EXERCISE GOAL:
Using the data below, return word for word every line from the one holding "Klassische andalusische Villa" down to the one holding "Sir Stirling Moss". Leave pictures out.

EXCERPTED RECORDS:
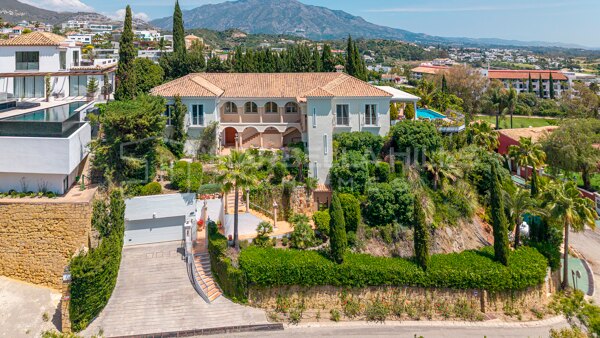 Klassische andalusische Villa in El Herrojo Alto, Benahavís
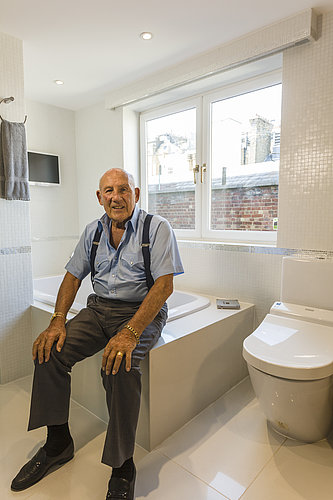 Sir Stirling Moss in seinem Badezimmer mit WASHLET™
--
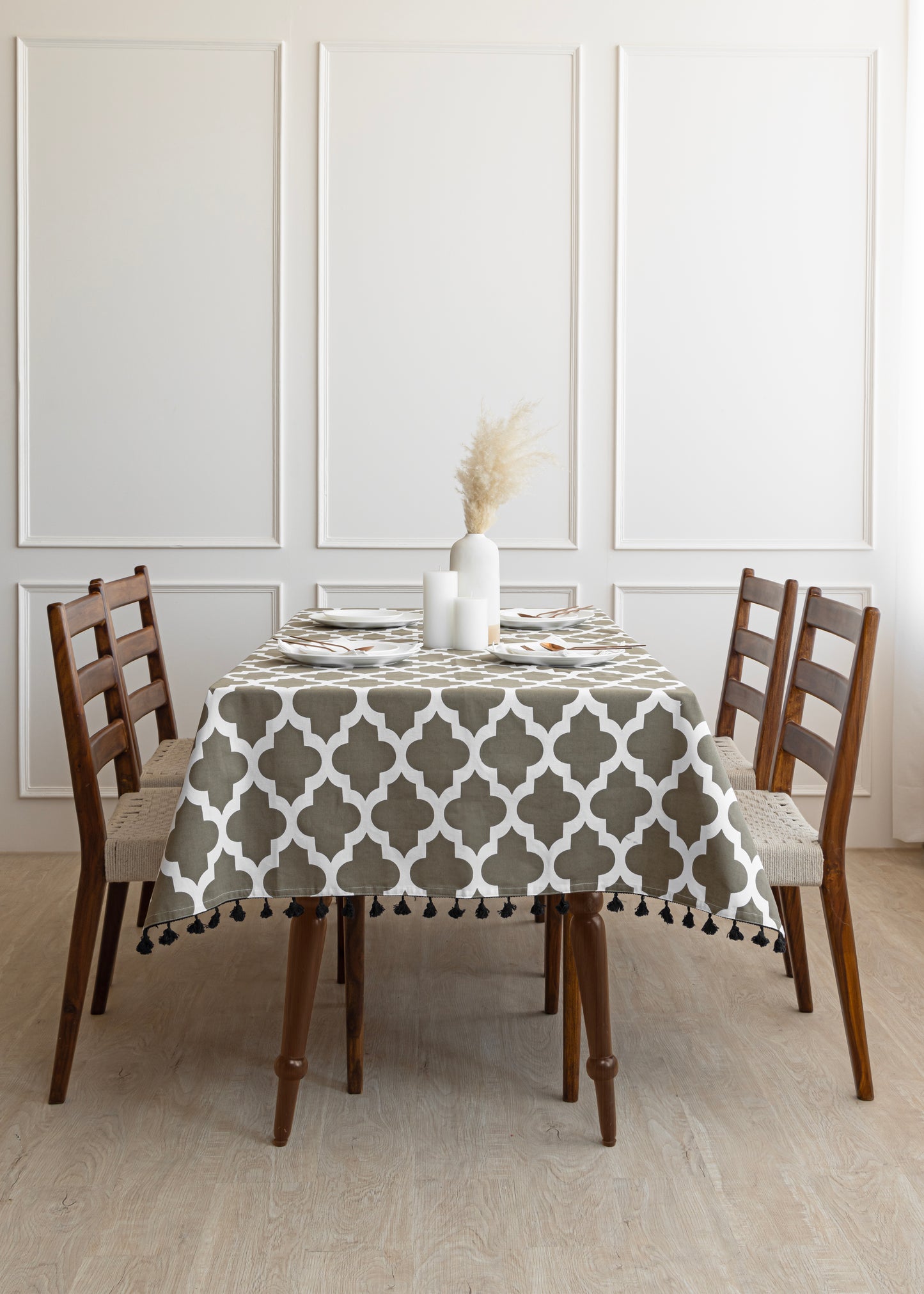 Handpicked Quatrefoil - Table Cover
---
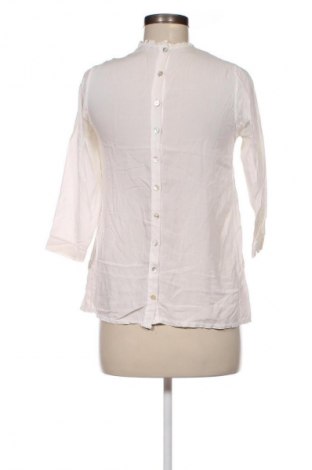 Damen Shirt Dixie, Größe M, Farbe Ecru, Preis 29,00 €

COMPLETED EXERCISE:
 Klassische andalusische Villa in El Herrojo Alto, Benahavís
 Sir Stirling Moss in seinem Badezimmer mit WASHLET™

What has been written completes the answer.